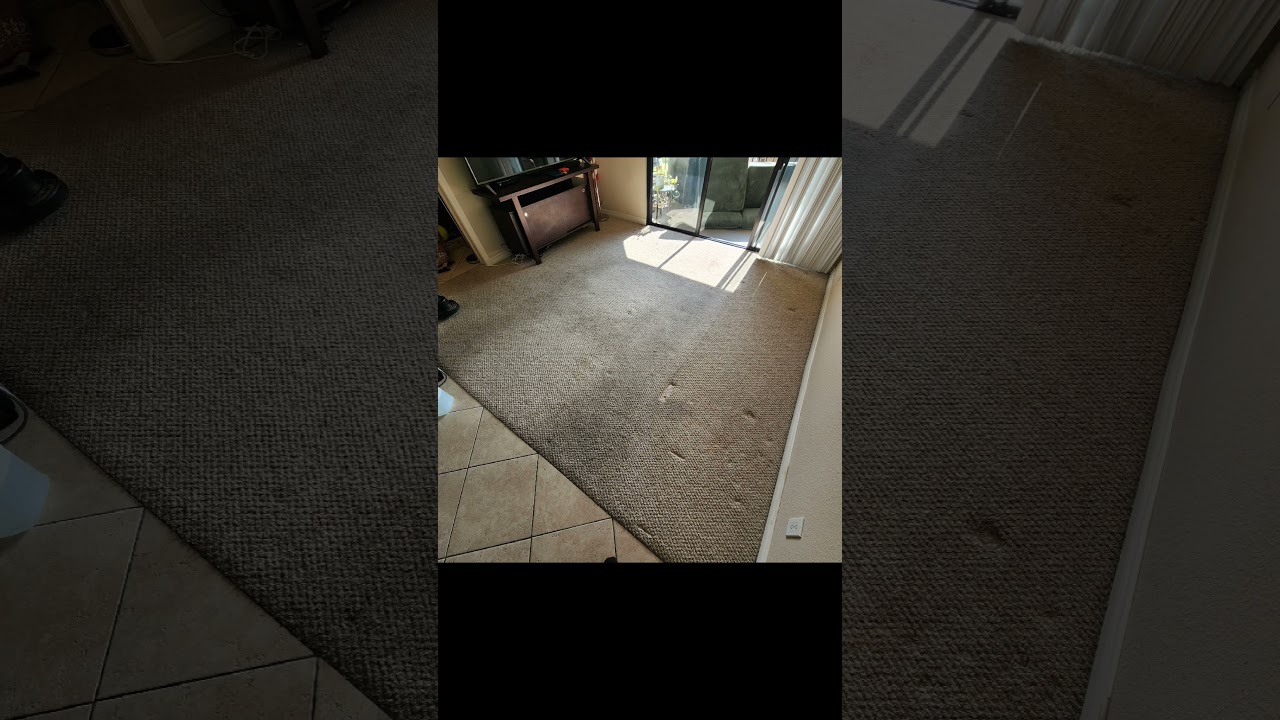 oreck orbiter with custom 17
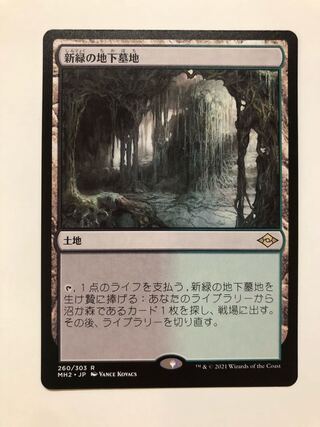 新緑の地下墓地/Verdant Catacombs 英語 Foil EX+](FOIL)新緑の地下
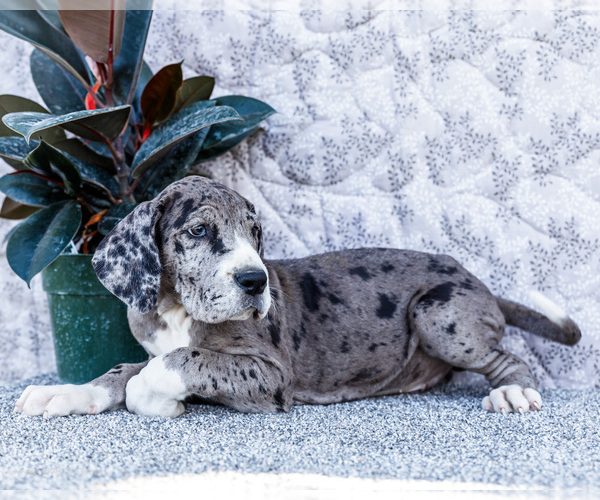 Medium Photo #22 Great Dane Puppy For Sale in WAKARUSA, IN, USA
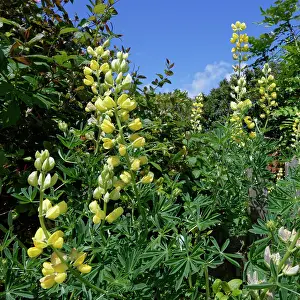 Rosanae Prints: Tree lupin (Lupinus arboreus) in flower along a garden fence, Cornwall, England, UK. June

——

> WORK ITEM
Everything in the listing except the pictures must be reproduced exactly.

> RESULT
 oreck orbiter with custom 17
 新緑の地下墓地/Verdant Catacombs 英語 Foil EX+](FOIL)新緑の地下
 Medium Photo #22 Great Dane Puppy For Sale in WAKARUSA, IN, USA
 Rosanae Prints: Tree lupin (Lupinus arboreus) in flower along a garden fence, Cornwall, England, UK. June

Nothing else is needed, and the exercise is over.